Introduction: TNFalpha, a proinflammatory cytokine expressed under several conditions in the myocardium, may contribute to myocardial damage in heart failure (HF). The aim of the study was to determine TNFalpha concentrations and their relation to severity, mortality, and clinical, biochemical and echocardiographic parameters in patients with stable chronic heart failure.
Patients and methods: In a prospective study in 128 patients with HF, average follow-up 33 mos, serum concenrations of TNFalpha were determined, and clinical, biochemical and echocardiographic characteristics and mortality were recorded. Serum TNFalpha concentrations were also determined in 35 healthy subjects. Univariate and multivariate analyses were performed to determine variables that could influence TNFalpha concentrations, and that could predict mortality.
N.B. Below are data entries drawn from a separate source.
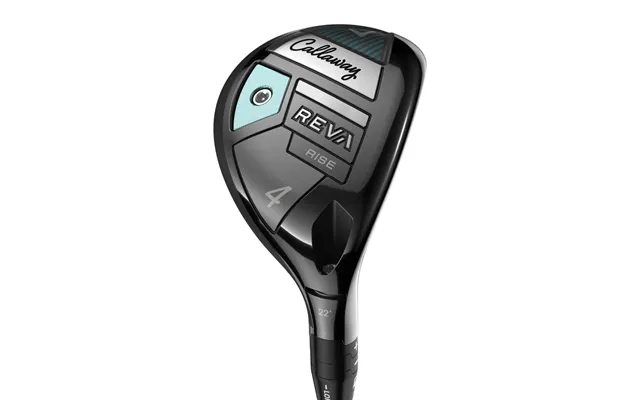 Reva Rise Hybrid - Cg Hyrevarise Ln Right Hand 9h Womens Like New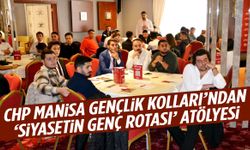 Siyasetin rotası gençlerle değişiyor!
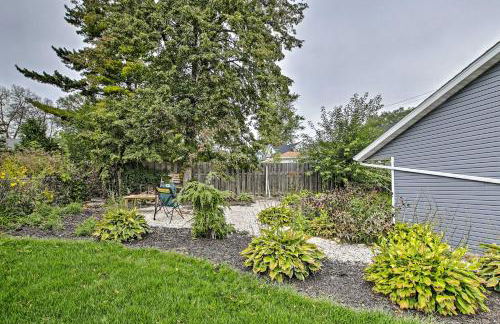 Ideal Green Bay Home Less Than 3 Mi to Lambeau Field! - Foto 25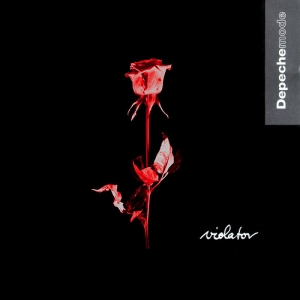 Depeche Mode - Violator in the group OUR PICKS / Bengans Staff Picks / Tonka's Playlist For Now at Bengans Skivbutik AB (2025585)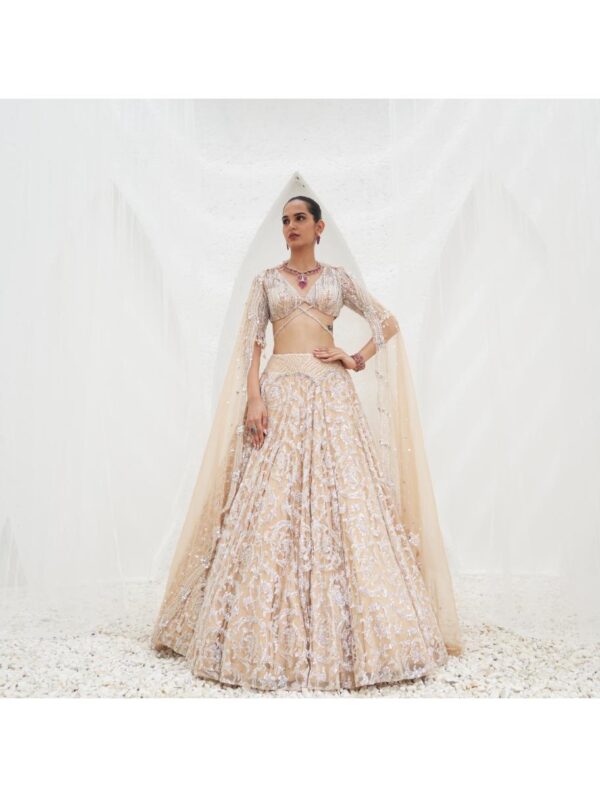 Mahima Mahajan - SAMIA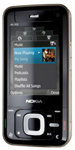 Nokia N81 8GB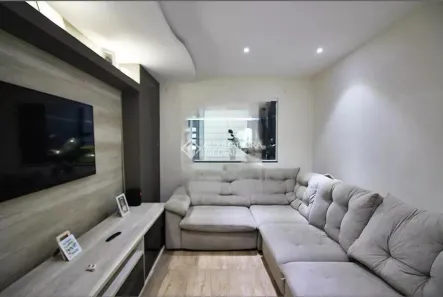 Sobrado com 3 Quartos à venda, 236m² no Planalto, São Bernardo do Campo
Results: Patients with HF have higher serum concentrations of TNFalpha than controls (6.72+/-0.2 vs 5.5+/-0.2 pg/ml, P=0.02). Patients with functional class I had lower concenrations of TNFalpha than patients with functional classes II and III (P=0.05 and P=0.001, respectively). Variables associated with higher concentrations of TNFalpha were; lower ejection fraction (P=0.04), worse functional class (P=0.007), coronary artery disease (P=0.05), chronic renal failure (P=0.02), arterial hypertension (P=0.05), higher concentrations of epinephrine (P=0.03) and norepinephrine (P=0.05). On follow-up, factors associated with decline in ejection fraction were arterial hypertension and higher total catecholamines. Factors associated with higher mortality were hypertension, elevated concentrations of TNFalpha and troponin T. Endothelin levels correlated with worsening functional class.
Conclusion: Serum TNFalpha and troponin T concentrations are independent predictors of severity and mortality in stable HF patients.